I did overcome him, eventually, but it would take several paragraphs to describe how I did it, and I’d reckon this review is taking up enough of your time already. It wasn’t so much a “strategy” as it was a loophole, one that I spent a good half-hour exploiting before I brought him down. Screw it. If he wasn’t going to play fair, neither was I. A good challenge leaves you proud for overcoming it; an unfair challenge not only forces you to beat the system, but leaves you feeling as if you had no other choice.

I’ve now wasted 60 hours of my life on FFXIII-2. I’ve found all of the fragments, earned all of the achievements, and seen all of the endings. I know this game inside-out.
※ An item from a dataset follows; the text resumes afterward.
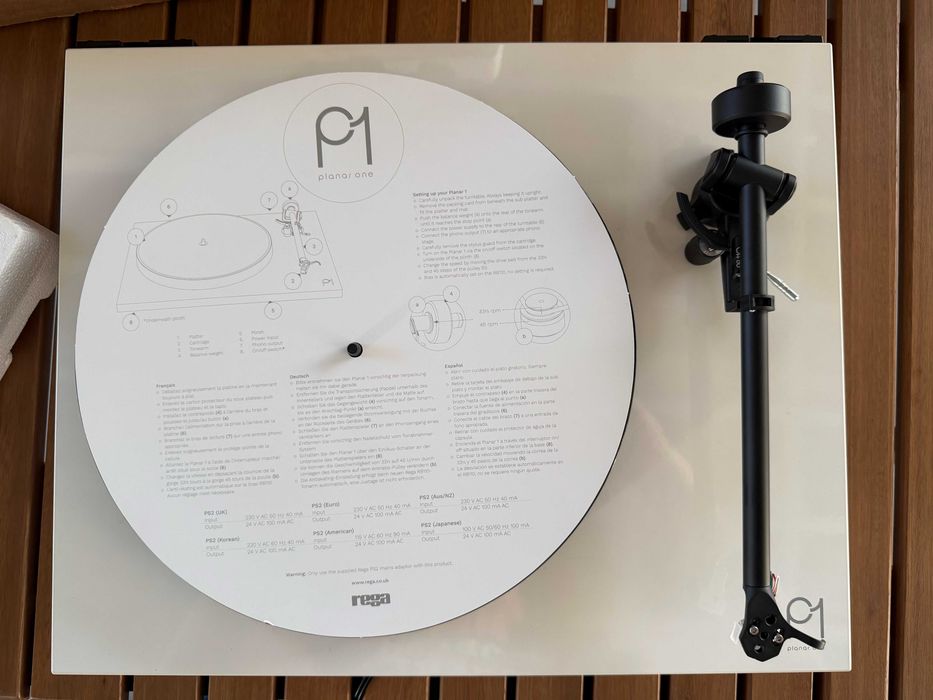 Gramofon Rega Planar 1 (P1)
I know it better than many of the people who like it. No one could accuse me of not giving it a fair chance. And yet every effort I made to find value in it was unceremoniously shot down. I suffered through 99% of the central story only to be told I had to grind to oblivion before I could see the credits. I took the considerable amount of time to max out my characters’ stats only to be met with more senseless frustration. And then I finally went back and killed those stupid Bahamuts only to be rewarded with the biggest middle finger of a cliffhanger ending since Halo 2. Not only was it an unsatisfying non-conclusion to an altogether incomprehensible plot, but the ominous “to be continued” title card ensures that they’re going to make another sequel.
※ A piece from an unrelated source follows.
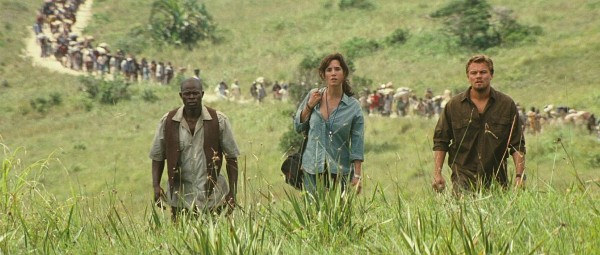 Still of Jennifer Connelly, Leonardo DiCaprio and Djimon Hounsou in Blood Diamond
And you know, on one level, I admire that FFXIII-2 even exists. I mean, if Ubisoft had given up on Assassin’s Creed after the poorly-received and admittedly rather cruddy first entry, we’d have been robbed of one of the best and most distinctive new franchises of this generation. But there’s a difference between righting your wrongs and beating a dead horse, and FFXIII-2’s fatal new issues, combined with Square-Enix’s continued inability to tell a coherent story, leave me with no interest in what happens in Gran Pulse next. Hopefully they’ll just decide to can it and move on. Or maybe we can all just stop pretending that this desperate series is still relevant. Why people still cling to the Final Fantasy brand, I’ll never know. Probably because paradoxes.